Use the bootstrap to calculate standard errors for the average partial effects that you calculated in part (b). Compare these standard errors to the analytical standard errors that you calculated in part (d).

Question 2: For this problem, we will be interested in computing an estimate of the \(ATT\) of a job training program. You can download the data here and download a description here. For this problem, the outcome of interest is re78, the treatment is train, and suppose that unconfoundedness holds after conditioning on age, educ, black, hisp, married, re75, and unem75.

Given our discussion in class, we know that if we believe unconfoundedness and that untreated potential outcomes are linear in covariates, then we have that

\[\begin{align*} ATT = \E[Y|D=1] - \E[X'|D=1]\beta_0 \end{align*}\]

where \(\beta_0\) can be estimated from the regression of \(Y\) on \(X\) using untreated observations. Estimate \(ATT\) based on the above expression for it and report your result.
Show that \(\sqrt{n}(\widehat{ATT} - ATT) \xrightarrow{d} \N(0,V)\) and provide an expression for \(V\). Based on this result, provide standard errors for your estimate of \(ATT\).
Use the bootstrap to compute standard errors for your estimate of \(ATT\). How do these compare to the standard errors that you reported previously?
Run a regression of \(Y\) on \(D\) and \(X\) (where \(X\) includes the same additional variables as above). Compare the coefficient on \(D\) to the estimate of \(ATT\). How similar are they? What about their standard errors? Do you have any comment on these results?
Calculate an estimate of \(ATT\) using propensity score re-weighting (as we discussed in class). You can estimate the propensity score model using logit (it is ok to use the glm function for this). Compute standard errors using the bootstrap and compare your results to the previous estimates.
Calculate an estimate of \(ATT\) using the doubly robust AIPW estimator that we discussed in class. Again, you can estimate the propensity using logit from the glm function. Compute standard errors using the bootstrap and compare your results to the previous estimates.
Finally, calculate an estimate of \(ATT\) using machine learning. For this problem, use the algorithm we discussed in class to estimate the \(ATT\) using machine learning. In particular, I’d like for you to use the ranger package to estimate the propensity score and the outcome regression model. Compute standard errors using the bootstrap and compare your results to the previous estimates.
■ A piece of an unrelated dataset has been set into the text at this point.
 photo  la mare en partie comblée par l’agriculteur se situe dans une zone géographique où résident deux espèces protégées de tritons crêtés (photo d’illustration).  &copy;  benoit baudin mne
Question 3 Prove the following result from the course note about interpreting \(\alpha\) from the following regression: \(Y = \alpha D + X'\beta + e\). You can use the decompositions that we discussed in class as a starting point. Prove the result for each case mentioned below separately and also show the result about the weights in case (i).

Suppose that unconfoundedness and overlap both hold. In addition, suppose that either (i) \(p(X) = \L(D|X)\) or (ii) \(\E[Y|X,D=0] = \L_0(Y|X)\), then \[\begin{align*} \alpha &= \E\left[w(D,X) CATE(X) \right] \end{align*}\] where \(w(D,X)\) are defined above and have mean 1. In addition, if condition (i) holds (that \(p(X) = \L(D|X)\)), then the weights are non-negative.